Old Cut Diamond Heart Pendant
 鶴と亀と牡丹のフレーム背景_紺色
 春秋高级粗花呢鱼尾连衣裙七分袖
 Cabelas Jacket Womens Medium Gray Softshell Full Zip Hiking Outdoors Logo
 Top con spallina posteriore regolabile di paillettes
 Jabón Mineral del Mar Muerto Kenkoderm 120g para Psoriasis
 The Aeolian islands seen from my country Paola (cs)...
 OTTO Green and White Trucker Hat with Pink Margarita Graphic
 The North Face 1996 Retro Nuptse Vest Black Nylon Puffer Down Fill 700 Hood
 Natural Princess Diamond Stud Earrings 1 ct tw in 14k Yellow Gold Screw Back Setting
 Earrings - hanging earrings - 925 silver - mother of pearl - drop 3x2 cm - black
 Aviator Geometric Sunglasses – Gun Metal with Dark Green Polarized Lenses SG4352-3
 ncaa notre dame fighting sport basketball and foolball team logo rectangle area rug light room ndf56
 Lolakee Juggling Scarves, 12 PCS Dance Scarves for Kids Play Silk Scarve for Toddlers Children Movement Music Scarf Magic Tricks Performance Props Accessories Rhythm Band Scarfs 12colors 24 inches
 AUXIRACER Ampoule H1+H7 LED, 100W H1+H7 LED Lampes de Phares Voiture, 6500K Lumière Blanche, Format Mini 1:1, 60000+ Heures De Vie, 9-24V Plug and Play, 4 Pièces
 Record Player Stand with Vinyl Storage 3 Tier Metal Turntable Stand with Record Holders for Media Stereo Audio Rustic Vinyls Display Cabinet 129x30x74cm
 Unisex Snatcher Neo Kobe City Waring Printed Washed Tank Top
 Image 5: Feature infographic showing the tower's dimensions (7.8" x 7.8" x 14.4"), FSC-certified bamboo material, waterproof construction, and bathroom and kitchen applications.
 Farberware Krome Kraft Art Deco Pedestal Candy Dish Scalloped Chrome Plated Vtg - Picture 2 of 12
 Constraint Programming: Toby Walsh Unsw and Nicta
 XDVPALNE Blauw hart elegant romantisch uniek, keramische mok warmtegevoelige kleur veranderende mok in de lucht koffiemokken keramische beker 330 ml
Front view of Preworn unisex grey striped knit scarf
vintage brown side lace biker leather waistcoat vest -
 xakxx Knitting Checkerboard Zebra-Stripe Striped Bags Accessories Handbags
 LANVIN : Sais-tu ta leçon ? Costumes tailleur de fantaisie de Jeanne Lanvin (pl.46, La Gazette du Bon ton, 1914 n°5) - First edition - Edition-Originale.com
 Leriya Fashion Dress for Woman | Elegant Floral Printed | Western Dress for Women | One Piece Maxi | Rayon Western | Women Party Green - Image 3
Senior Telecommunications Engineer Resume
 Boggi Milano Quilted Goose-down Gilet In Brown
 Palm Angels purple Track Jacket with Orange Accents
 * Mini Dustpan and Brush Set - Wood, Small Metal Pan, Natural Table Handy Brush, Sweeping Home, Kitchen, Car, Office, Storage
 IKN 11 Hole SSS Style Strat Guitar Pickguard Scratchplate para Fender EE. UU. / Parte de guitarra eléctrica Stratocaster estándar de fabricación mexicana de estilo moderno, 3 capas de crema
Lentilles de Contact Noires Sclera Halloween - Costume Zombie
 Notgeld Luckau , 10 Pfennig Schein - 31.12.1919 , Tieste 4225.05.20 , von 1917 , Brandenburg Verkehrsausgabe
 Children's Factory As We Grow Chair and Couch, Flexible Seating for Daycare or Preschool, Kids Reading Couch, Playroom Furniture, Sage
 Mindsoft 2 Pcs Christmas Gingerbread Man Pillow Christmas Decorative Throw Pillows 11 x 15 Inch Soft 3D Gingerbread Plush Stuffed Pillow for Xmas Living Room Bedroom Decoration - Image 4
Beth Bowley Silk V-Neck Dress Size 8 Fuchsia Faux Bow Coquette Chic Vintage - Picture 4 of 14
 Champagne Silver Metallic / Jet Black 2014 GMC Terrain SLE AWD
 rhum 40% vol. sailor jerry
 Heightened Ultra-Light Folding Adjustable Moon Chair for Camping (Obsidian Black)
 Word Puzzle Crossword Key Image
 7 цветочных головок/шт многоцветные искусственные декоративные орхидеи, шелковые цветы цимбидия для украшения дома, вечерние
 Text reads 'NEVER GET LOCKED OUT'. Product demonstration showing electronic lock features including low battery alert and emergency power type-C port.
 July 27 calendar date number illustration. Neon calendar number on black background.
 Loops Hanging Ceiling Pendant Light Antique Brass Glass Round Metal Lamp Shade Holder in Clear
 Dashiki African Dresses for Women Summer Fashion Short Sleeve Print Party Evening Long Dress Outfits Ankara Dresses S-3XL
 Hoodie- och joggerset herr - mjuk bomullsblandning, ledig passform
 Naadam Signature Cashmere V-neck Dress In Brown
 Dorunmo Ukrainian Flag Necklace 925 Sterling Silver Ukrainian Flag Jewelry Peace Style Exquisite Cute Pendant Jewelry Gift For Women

(ACTION ITEM): Lines from the one with "Dashiki African Dresses" through the end of the data: set these down exactly, including both ends and nothing more.

(ANSWER FOR THIS EXERCISE):
 Dashiki African Dresses for Women Summer Fashion Short Sleeve Print Party Evening Long Dress Outfits Ankara Dresses S-3XL
 Hoodie- och joggerset herr - mjuk bomullsblandning, ledig passform
 Naadam Signature Cashmere V-neck Dress In Brown
 Dorunmo Ukrainian Flag Necklace 925 Sterling Silver Ukrainian Flag Jewelry Peace Style Exquisite Cute Pendant Jewelry Gift For Women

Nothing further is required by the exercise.